Blazons: Argent three castles triple-towered sable

The story of the "three branches" sounds plausible, but the three-castled (and later three-towered) motif was common in medieval Heraldry. Here is the bearing of an early Castille:

Arms of

Le Roy de Chastell

Blazons: Gules three castles triple-towered or

At some point in history the imagery for the "castle" changed and began to look like a triple-towered tower. The use of "castle" vs "tower" became interchangeable, both as a charge and in the blazons.

"A castle is a fortress or stronghold, generally made of stone. It is an ancient charge, found in the canting arms of the King of Castile, c.1244. In early heraldry, no distinction was drawn between the
castle and the tower; late medieval heraldry, and Society heraldry, distinguishes between the two forms. The typical form is of two towers, joined by an embattled wall with a gate; a castle triple-towered has a third tower issuant from the joining wall."

--West Kingdom College of Heralds

There may have been a conscious effort by the de Havilland families, having moved to Guernsey and England and pledged to English sovereignty, to differentiate themselves from the Kingdom of Spain, which evolved from the Kingdom of Castille and bore the triple-towered castle as their charge. Matthew, the eldest son of Christopher Havilland (Bailiff of Poole in 1553 and Mayor of Poole in 1569, and grandson of Thomas of Guernsey), became Mayor of Bristol, Somersetshire in 1607. Occupying the Manor of Hawkesbury and being the landlord of Abbot's Grange, as well as owning property in Stockland-Bristol, Charlinch, and elsewhere, he was the wealthy progenitor of the Gloucestershire (Hawkesbury) family, now extinct, and of the Somersetshire family.

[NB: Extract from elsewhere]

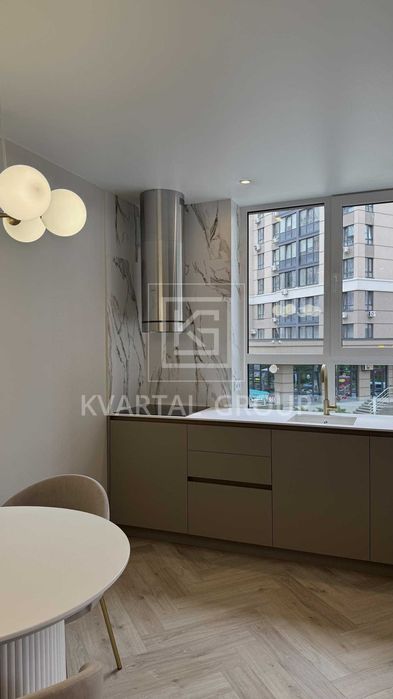 БЕЗ КОМІСІЇ! дуже гарна 2 кімнатна квартира. ЦЕНТРАЛЬНИЙ парк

According to the Chronicle:

[Matthew] was a staunch supporter of the Protestant cause, and contributed largely towards the equipment of the fleet sent against the Spanish Armada.

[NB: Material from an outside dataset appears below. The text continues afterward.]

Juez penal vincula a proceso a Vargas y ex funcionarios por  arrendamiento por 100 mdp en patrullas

-- The Chronicle de Havilland

Seal of

Matthew Haviland

(1550 - 1619)

Blazons: Argent three towers triple-towered sable

The war with Spain was on the surface Protestants vs Catholics, but the deeper meaning behind it was the freedom of religion and the freedom of speech, which was central to the Protestant cause, and contrary to Catholic tradition.

Arms of

Philip II

King of Spain & Portugal

It appears that Matthew's (4th?) son James continued the bearing of his father and added another tower as a crest to distinguish his line.

Arms of

John Haviland

(of Charlinch Hall)

(1579 - 1663)

Blazon of Arms: Argent three towers triple-towered sable.

Crest: On a torse, a tower triple-towered argent.

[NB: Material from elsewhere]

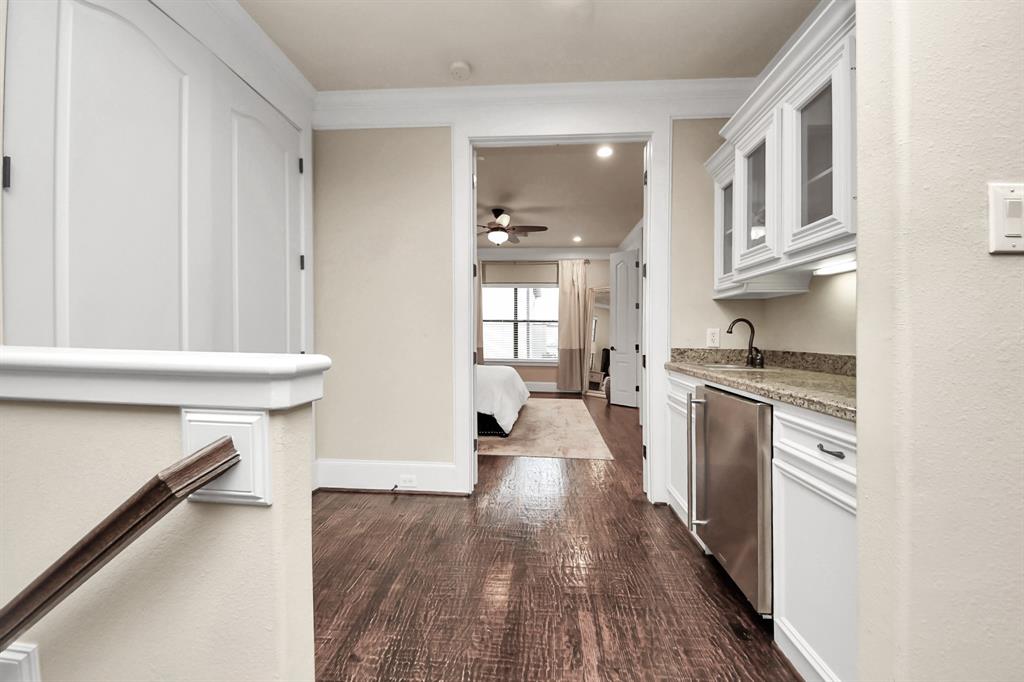 5341 Nolda Street Unit: E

The tradition of Cadency in Heraldry is a way to distinguish the arms of younger brothers to the first born son who are also entitled to Arms. Since their bearings must be differenced, Cadency systemizes a way to identify second born son, third born son, etc. According to these rules, the second born son will therefore have a crescent on the escutcheon. And so, John, the second son of John of Charlinch Hall, looked thus:

Arms of

John Haviland

(the Younger of Charlinch Hall)

Blazon of Arms: Argent three towers triple-towered sable, a crescent for difference.

Crest: On a torse, a tower triple-towered argent.

John (the Younger) had appeared and entered his pedigree at the Visitation of Somersetshire in 1672, according to the Chronicle. (A Heraldic Visitation is an event wherein the pedigree (the ancestry) of a noble is inspected to ascertain the right to bear Arms, and his Arms granted or registered.) John's first son was Dr. John Haviland, M.D., of Hart Hall, who was appointed to take charge of the Royal Naval and Military Hospitals at Plymouth. He very likely inherited the Arms of his father.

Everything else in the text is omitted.